Schäfer rechnet damit, dass die EU am Ende von der Möglichkeit Gebrauch machen wird, Geschäfte aus London abzuziehen. „Ich gehe davon aus, dass es – notfalls zwangsweise – zu einer Verlagerung erheblicher Teile der Clearingvolumina in die EU 27 kommen wird.“ Chancen rechnen sich dabei vor allem die Deutsche-Börse-Tochter Eurex Clearing in Frankfurt und eine Pariser LCH-Schwester aus.

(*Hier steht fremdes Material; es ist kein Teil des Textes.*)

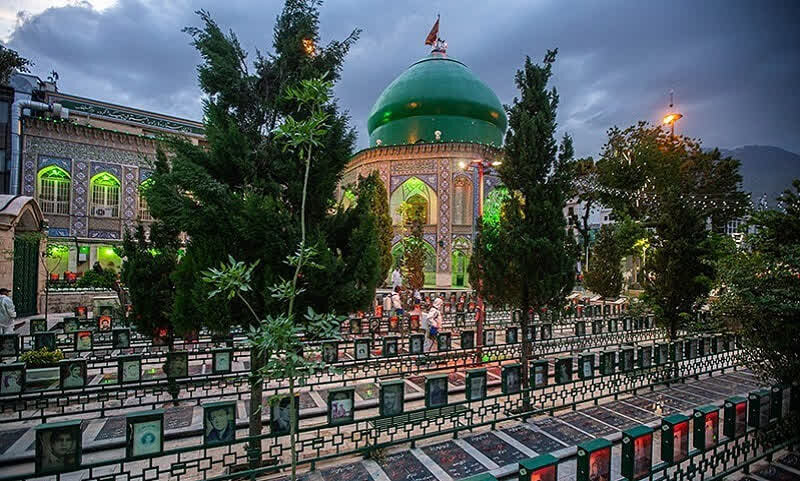 تاسیس دو پایگاه استغاثه به امام زمان(عج) از چیذر تا حرم عبدالعظیم حسنی(ع)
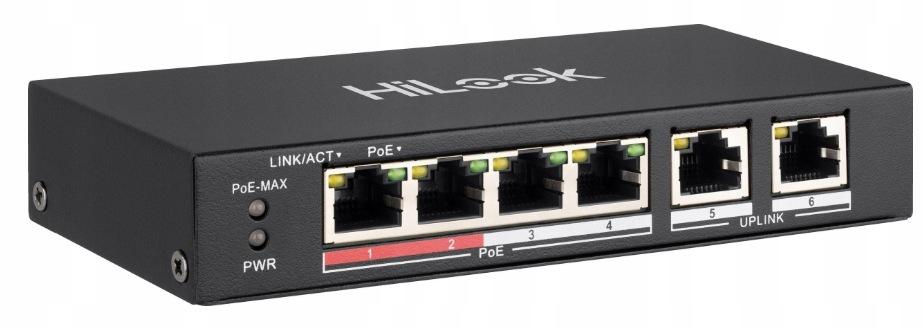 Switch Hilook NS-0106P-35 4x PoE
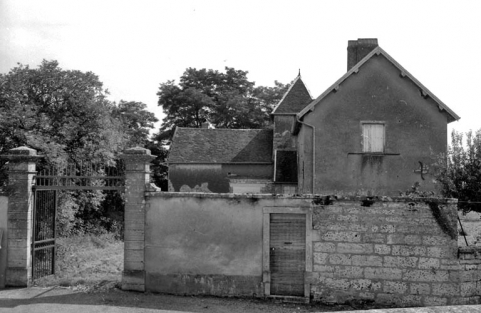 Vue d'ensemble depuis le portail. © Région Bourgogne-Franche-Comté, Inventaire du patrimoine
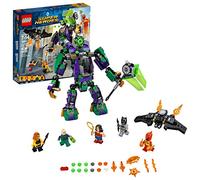 Lego DC Super Heroes Lex Luthor Mech Takedown 76097 Building Kit (406 Piece)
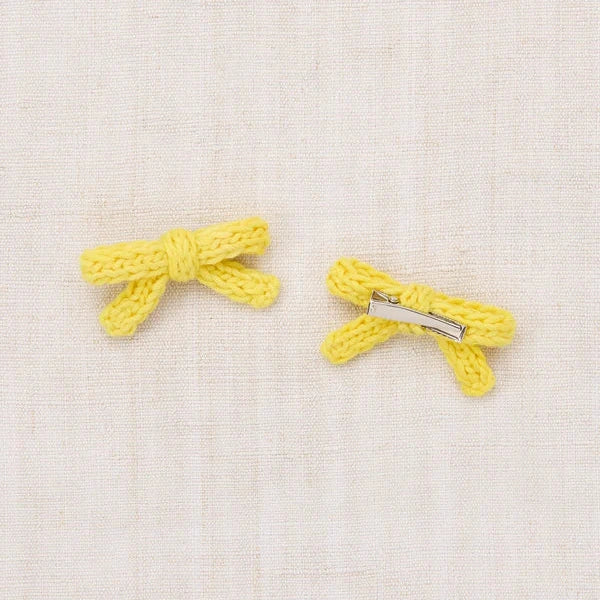 GOLDIE BOW SET - SOL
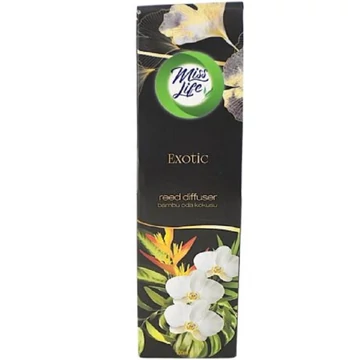 Miss life exotic illatú pálcikás illatosító 100ml 87805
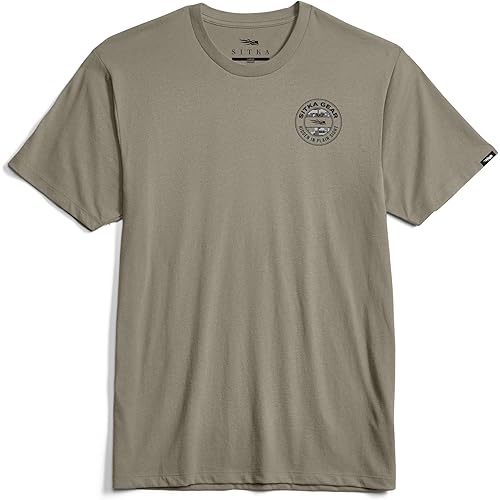SITKA Hidden Optifade Tee - Everyday Logo Wear for Men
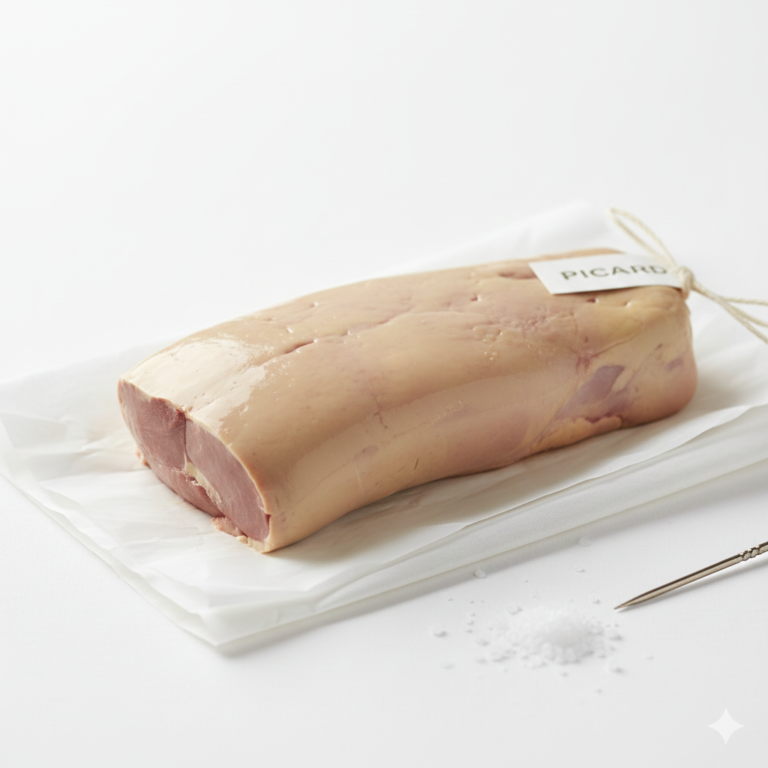 foie gras cru Picard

Frankfurt hat aus Sicht von Schäfer zwar eine hervorragende Ausgangsposition. „Mich treibt jedoch die Sorge um, dass am Ende nicht die besseren Sachargumente, sondern das aggressivste Marketing über künftige Clearingstandorte in der EU entscheiden“, erklärte der Finanzminister. Diese Erfahrung habe er bereits bei der EU-Bankenbehörde Eba gemacht. Sie zieht von London nach Paris – und nicht nach Frankfurt.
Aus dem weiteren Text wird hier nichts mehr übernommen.